Although I have sung praises about her so far, I do admit that she has her own set of shortcomings. But then so do I. We do have disagreements. Abbas becomes the scapegoat and has to listen to outbursts from the two important women in his life. He makes both understand that “No two people are the same.” At the end of the day, I have no inhibitions to be declaring in public that I couldn’t have asked for a better mother in law than her. I love you Ma. Thanks for being all that you are to me! (“I will always be jealous of Abbas coz you love him more than me”)

5 comments:

RS said...

Aww Seema! This is an amazing post. While mostly people are wary about MILs you expressed your love and respect so well for your MIL here :) Wonderful post...

Seema said...

@RS: Thank you for dropping by and leaving your comments. Really helps me to keep the show going as you may see you are the sole audience here.

The Wonder Kitchen said...

Just came across your blog now. I navigated here from your food blog and was very very touched by this post.
I am a mangalorean (bunt) married to a Bengali too 4 years ago and mirror many of the sentiments which you have penned down although I am still working my way into my MIL's heart.
But I really have to give you a salute for blending not only into the new culture , but for also seamlessly blending into the hearts of the new family. Its very rare and hearty to see someone filled with love not only to the ones you are connected by blood, but also to the ones connected by relations. I sure hope to have such a beautiful relation with my Ma someday.

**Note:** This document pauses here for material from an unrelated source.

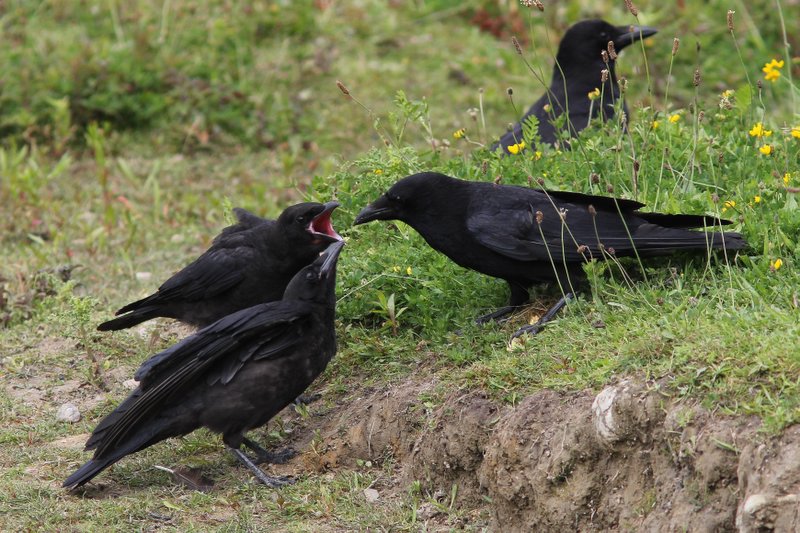 Zwarte kraai - Carrion-crow - Corvus corone
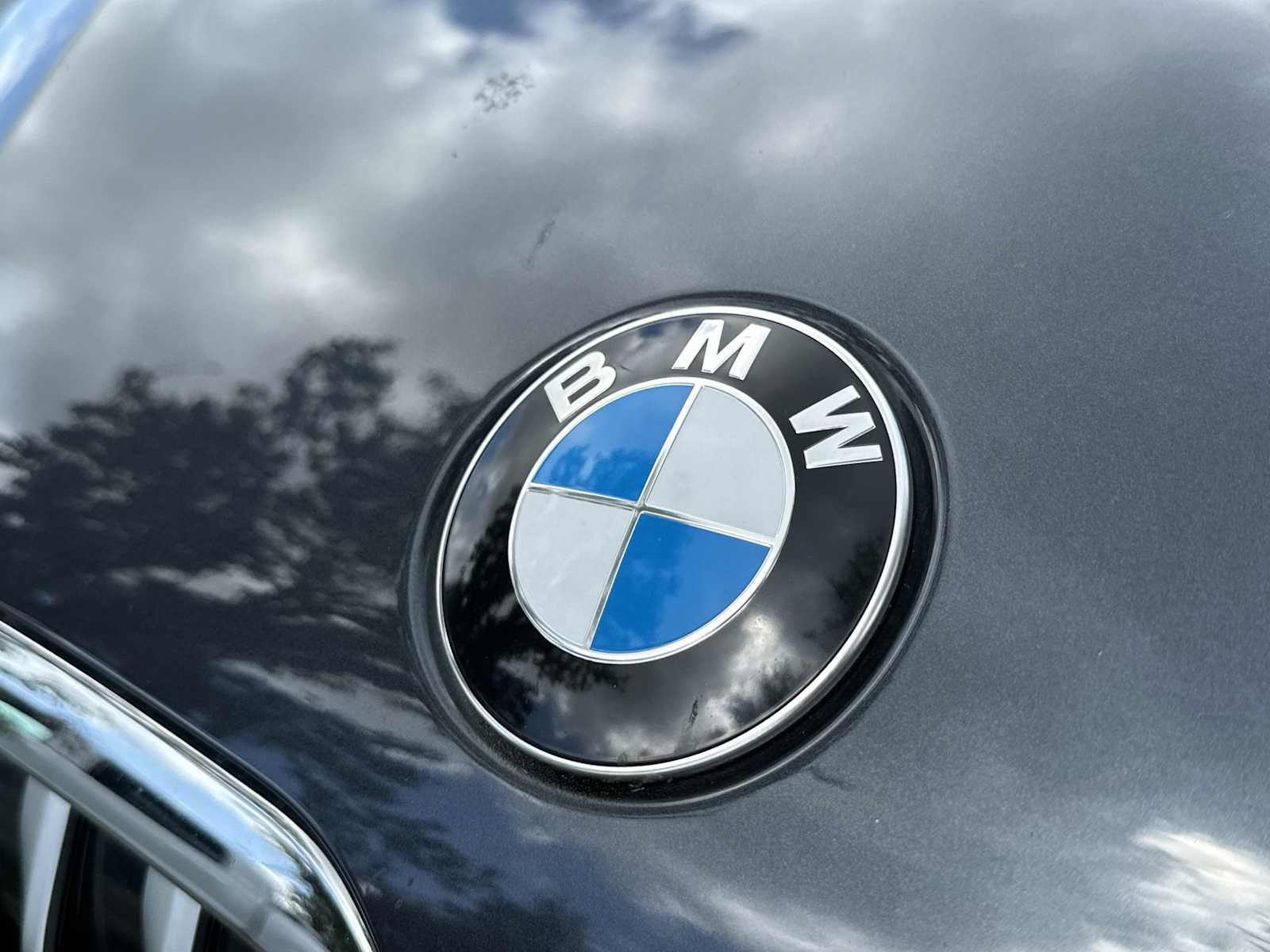 Thumbnail: 2019 BMW X7 - 10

The Wonder Kitchen said...

Just came across your blog now. I navigated here from your food blog and was very very touched by this post.
I am a mangalorean (bunt) married to a Bengali too 4 years ago and mirror many of the sentiments which you have penned down although I am still working my way into my MIL's heart.
But I really have to give you a salute for blending not only into the new culture , but for also seamlessly blending into the hearts of the new family. Its very rare and hearty to see someone filled with love not only to the ones you are connected by blood, but also to the ones connected by relations. I sure hope to have such a beautiful relation with my Ma someday.

Seema said...

Hey Wonder Kitchen,

Thanks for visiting both my blogs. Thanks for all the wonderful words. Your comment made my day dear. Hope you make your way into your MIL's heart sooner.